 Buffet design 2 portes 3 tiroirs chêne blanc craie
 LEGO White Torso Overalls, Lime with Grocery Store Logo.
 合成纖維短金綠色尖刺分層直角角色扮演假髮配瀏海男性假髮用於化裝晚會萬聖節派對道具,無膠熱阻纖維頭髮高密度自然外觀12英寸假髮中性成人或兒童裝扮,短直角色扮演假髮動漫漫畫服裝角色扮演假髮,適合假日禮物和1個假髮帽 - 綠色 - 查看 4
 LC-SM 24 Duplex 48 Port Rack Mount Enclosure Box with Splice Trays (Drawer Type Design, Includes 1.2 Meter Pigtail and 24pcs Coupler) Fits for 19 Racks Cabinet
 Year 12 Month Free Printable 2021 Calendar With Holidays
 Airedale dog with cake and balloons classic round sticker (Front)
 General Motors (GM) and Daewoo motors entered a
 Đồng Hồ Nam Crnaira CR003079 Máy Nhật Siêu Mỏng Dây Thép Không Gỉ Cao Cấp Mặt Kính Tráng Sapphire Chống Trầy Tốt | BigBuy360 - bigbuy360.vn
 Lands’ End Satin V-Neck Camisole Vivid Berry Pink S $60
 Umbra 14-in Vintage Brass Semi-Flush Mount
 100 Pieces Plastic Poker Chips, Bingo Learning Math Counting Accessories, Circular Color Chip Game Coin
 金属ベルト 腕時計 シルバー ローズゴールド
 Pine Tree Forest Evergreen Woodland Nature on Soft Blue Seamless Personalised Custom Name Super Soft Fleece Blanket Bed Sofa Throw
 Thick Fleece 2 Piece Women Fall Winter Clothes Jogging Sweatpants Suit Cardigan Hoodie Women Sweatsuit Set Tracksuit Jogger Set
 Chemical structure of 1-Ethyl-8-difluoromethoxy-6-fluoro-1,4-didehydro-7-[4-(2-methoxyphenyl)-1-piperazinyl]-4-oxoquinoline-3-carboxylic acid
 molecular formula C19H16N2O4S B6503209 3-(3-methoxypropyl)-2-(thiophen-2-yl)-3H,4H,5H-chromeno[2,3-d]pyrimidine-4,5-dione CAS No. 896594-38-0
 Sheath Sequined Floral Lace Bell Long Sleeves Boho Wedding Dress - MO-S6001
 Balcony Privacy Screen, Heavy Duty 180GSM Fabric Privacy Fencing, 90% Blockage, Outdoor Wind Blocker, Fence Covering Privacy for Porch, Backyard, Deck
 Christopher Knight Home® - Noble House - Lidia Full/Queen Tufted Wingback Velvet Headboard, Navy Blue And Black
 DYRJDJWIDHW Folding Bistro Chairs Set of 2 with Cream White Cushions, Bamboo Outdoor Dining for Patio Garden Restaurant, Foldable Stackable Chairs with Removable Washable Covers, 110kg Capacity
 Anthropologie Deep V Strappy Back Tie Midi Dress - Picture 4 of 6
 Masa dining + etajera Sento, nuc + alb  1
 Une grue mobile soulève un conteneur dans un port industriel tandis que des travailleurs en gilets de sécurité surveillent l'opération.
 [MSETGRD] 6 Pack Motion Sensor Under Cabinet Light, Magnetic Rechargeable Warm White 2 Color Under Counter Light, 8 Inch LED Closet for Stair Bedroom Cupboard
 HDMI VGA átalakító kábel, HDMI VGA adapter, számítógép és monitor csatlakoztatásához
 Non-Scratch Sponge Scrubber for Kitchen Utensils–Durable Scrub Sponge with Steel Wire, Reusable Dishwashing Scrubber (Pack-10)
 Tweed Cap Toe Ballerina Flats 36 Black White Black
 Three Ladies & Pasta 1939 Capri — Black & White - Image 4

WORK TO BE COMPLETED
Restate the listing word for word, but only from its first line through the line with "Year 12 Month", keeping both end lines.

TASK RESPONSE
 Buffet design 2 portes 3 tiroirs chêne blanc craie
 LEGO White Torso Overalls, Lime with Grocery Store Logo.
 合成纖維短金綠色尖刺分層直角角色扮演假髮配瀏海男性假髮用於化裝晚會萬聖節派對道具,無膠熱阻纖維頭髮高密度自然外觀12英寸假髮中性成人或兒童裝扮,短直角色扮演假髮動漫漫畫服裝角色扮演假髮,適合假日禮物和1個假髮帽 - 綠色 - 查看 4
 LC-SM 24 Duplex 48 Port Rack Mount Enclosure Box with Splice Trays (Drawer Type Design, Includes 1.2 Meter Pigtail and 24pcs Coupler) Fits for 19 Racks Cabinet
 Year 12 Month Free Printable 2021 Calendar With Holidays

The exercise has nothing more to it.